What this task involves:
Search the material below for the string "Vintage". Return every line that holds it.

Extracted data:
--*--
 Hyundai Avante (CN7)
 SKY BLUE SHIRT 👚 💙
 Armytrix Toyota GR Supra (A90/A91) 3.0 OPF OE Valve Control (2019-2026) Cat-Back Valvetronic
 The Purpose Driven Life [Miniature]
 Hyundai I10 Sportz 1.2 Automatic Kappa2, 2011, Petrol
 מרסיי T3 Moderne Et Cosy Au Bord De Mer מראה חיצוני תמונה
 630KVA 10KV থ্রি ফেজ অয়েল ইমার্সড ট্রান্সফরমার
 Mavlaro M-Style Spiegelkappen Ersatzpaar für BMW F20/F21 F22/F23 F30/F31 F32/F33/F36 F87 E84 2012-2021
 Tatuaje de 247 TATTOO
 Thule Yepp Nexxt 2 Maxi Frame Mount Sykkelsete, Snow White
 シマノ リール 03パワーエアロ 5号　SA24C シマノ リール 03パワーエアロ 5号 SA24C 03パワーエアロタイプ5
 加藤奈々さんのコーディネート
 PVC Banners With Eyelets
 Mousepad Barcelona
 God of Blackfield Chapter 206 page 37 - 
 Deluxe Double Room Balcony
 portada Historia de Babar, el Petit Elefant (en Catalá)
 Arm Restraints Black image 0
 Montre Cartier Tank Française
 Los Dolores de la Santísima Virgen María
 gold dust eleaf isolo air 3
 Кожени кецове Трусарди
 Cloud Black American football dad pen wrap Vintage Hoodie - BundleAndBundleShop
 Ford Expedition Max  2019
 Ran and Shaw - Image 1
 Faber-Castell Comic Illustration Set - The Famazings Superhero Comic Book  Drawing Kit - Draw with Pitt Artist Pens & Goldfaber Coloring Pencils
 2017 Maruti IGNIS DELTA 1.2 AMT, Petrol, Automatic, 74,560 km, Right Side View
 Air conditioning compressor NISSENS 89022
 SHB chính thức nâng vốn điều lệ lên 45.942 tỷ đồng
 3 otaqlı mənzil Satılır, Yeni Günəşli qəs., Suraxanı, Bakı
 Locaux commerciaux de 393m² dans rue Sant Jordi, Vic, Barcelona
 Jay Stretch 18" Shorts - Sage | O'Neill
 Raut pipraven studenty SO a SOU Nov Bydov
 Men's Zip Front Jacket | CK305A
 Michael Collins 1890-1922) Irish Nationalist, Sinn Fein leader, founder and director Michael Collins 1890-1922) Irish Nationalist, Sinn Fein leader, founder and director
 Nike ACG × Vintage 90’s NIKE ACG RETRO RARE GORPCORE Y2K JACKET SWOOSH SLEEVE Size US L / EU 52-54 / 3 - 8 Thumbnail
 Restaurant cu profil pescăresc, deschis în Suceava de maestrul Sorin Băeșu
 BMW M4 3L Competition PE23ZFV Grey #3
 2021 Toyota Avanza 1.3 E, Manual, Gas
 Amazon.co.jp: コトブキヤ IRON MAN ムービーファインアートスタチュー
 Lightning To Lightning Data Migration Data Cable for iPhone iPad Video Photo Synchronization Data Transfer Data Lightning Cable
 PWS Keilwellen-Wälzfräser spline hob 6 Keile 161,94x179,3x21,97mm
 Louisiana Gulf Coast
--*--
Problem solution:
 Cloud Black American football dad pen wrap Vintage Hoodie - BundleAndBundleShop
 Nike ACG × Vintage 90’s NIKE ACG RETRO RARE GORPCORE Y2K JACKET SWOOSH SLEEVE Size US L / EU 52-54 / 3 - 8 Thumbnail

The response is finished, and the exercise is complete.